Please quote exactly the lines below from the line containing "Glorious XL Stitched" to the line containing "4-乙炔基哌啶盐酸盐,550378-30-8,结构式", both lines included, and nothing else.

BEGIN GIVEN RECORDS

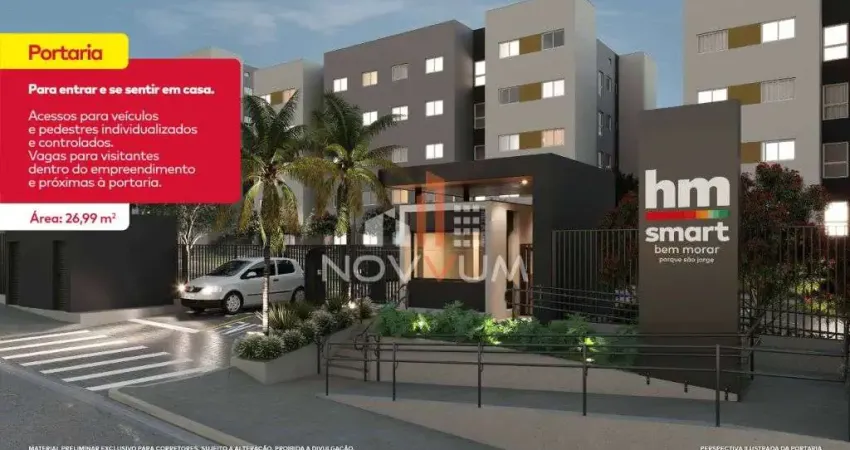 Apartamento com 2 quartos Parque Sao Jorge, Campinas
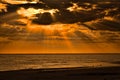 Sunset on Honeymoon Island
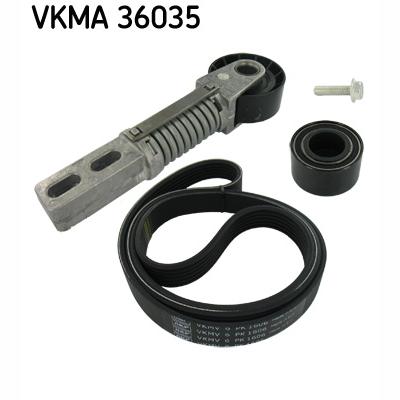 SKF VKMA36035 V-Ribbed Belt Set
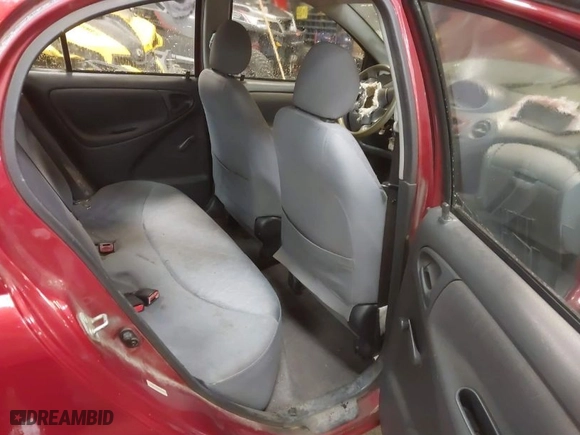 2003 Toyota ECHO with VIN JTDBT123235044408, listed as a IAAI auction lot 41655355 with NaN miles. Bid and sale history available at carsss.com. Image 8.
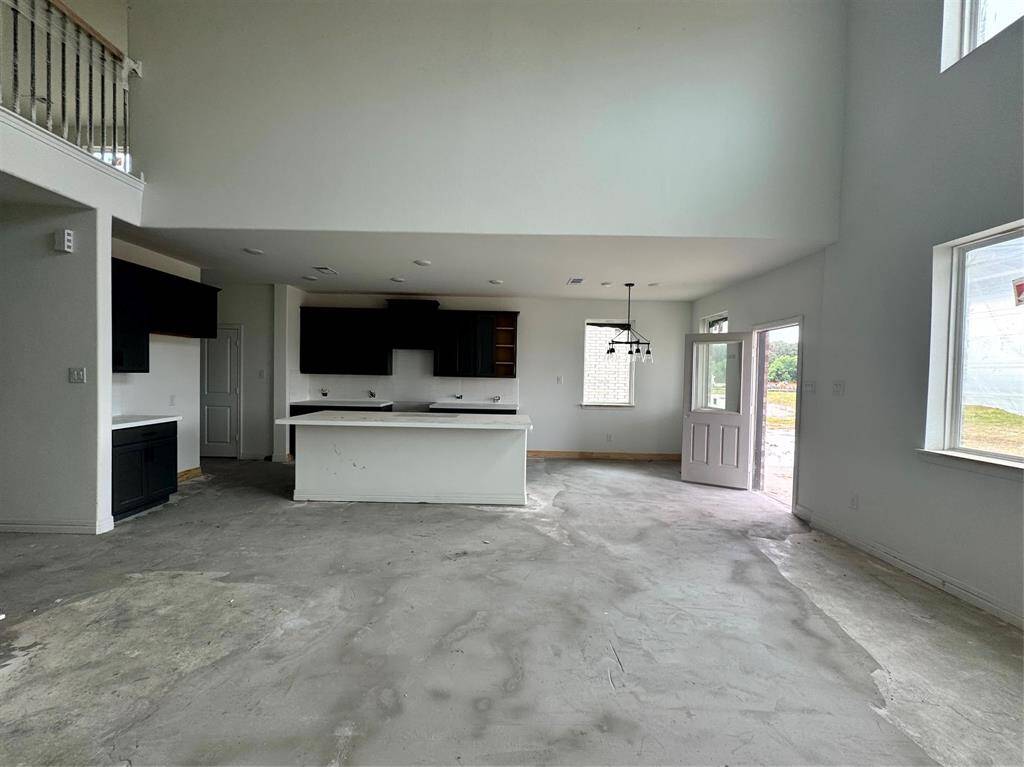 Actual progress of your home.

END GIVEN RECORDS
BEGIN GIVEN RECORDS

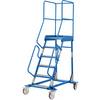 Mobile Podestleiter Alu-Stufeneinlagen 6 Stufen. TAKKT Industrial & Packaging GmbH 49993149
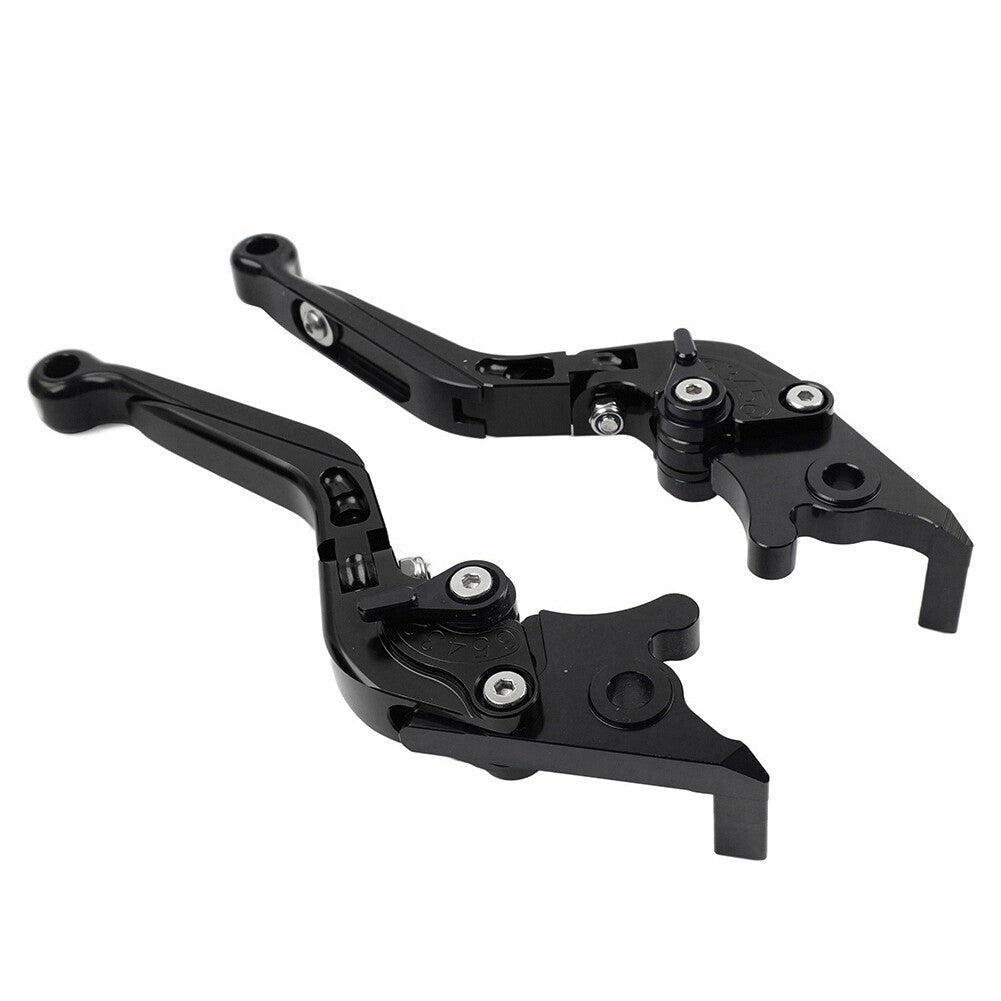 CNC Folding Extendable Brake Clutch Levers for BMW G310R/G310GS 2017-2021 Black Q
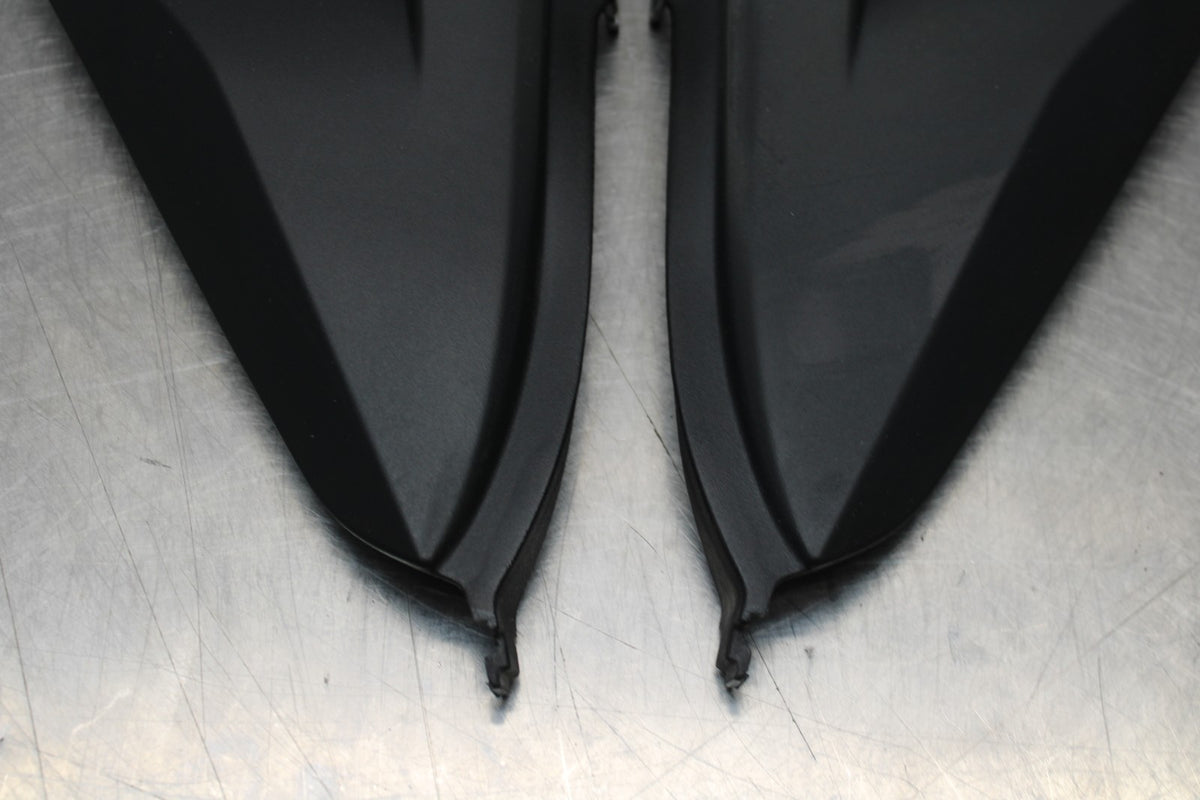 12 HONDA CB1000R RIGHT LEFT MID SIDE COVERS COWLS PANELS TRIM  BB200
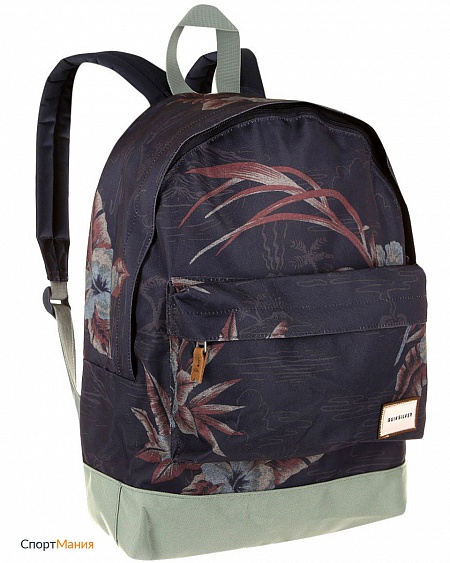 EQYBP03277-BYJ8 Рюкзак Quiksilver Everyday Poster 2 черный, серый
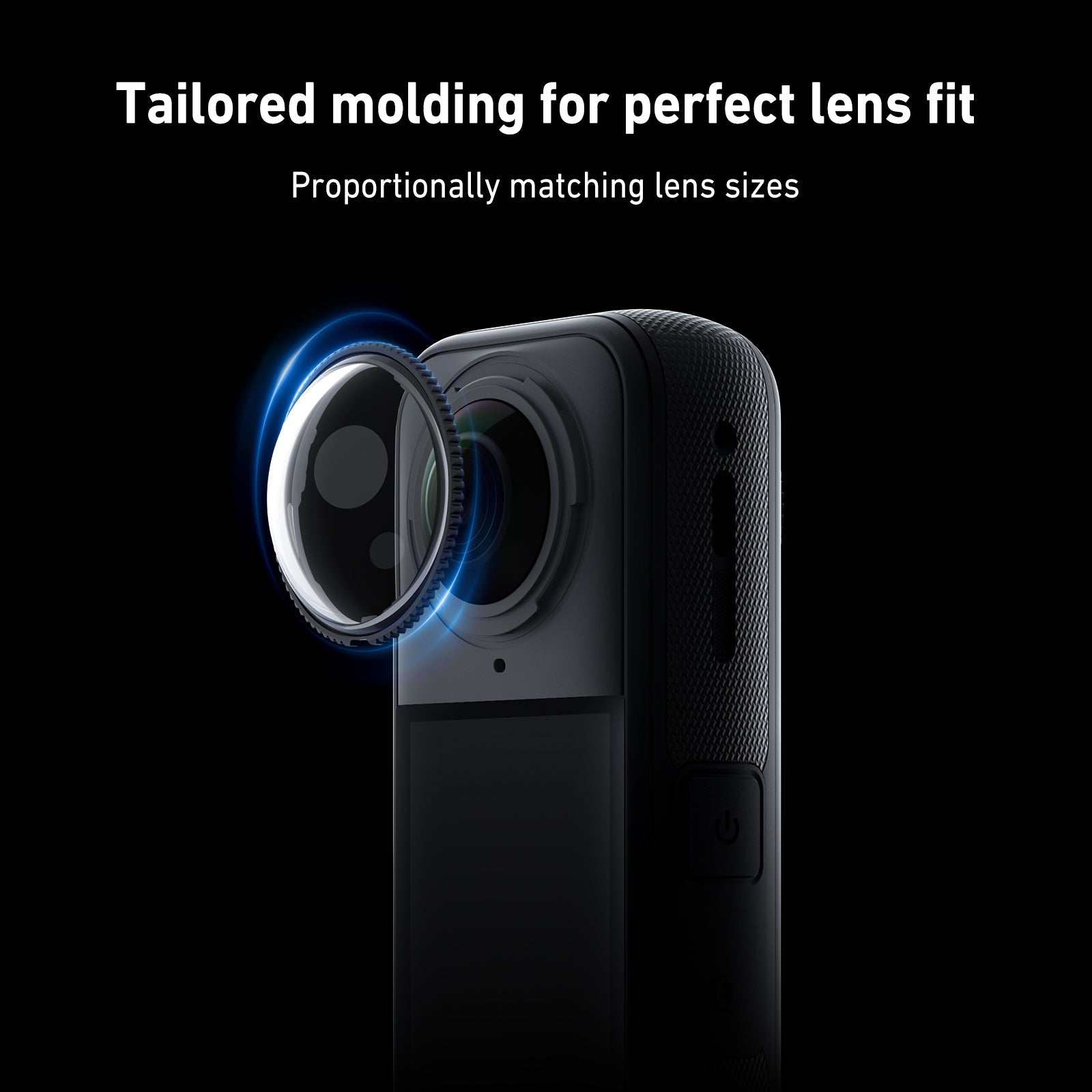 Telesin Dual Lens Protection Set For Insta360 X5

END GIVEN RECORDS
BEGIN GIVEN RECORDS

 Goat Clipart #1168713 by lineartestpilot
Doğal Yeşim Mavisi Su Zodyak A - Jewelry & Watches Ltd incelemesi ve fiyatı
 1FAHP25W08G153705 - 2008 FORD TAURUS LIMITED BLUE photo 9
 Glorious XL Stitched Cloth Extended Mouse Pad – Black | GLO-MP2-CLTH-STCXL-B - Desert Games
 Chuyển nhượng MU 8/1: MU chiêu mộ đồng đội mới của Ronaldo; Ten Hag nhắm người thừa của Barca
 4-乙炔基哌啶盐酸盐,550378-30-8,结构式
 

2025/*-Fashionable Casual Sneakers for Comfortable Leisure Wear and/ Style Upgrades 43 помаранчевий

END GIVEN RECORDS

### SOLUTION:
 Glorious XL Stitched Cloth Extended Mouse Pad – Black | GLO-MP2-CLTH-STCXL-B - Desert Games
 Chuyển nhượng MU 8/1: MU chiêu mộ đồng đội mới của Ronaldo; Ten Hag nhắm người thừa của Barca
 4-乙炔基哌啶盐酸盐,550378-30-8,结构式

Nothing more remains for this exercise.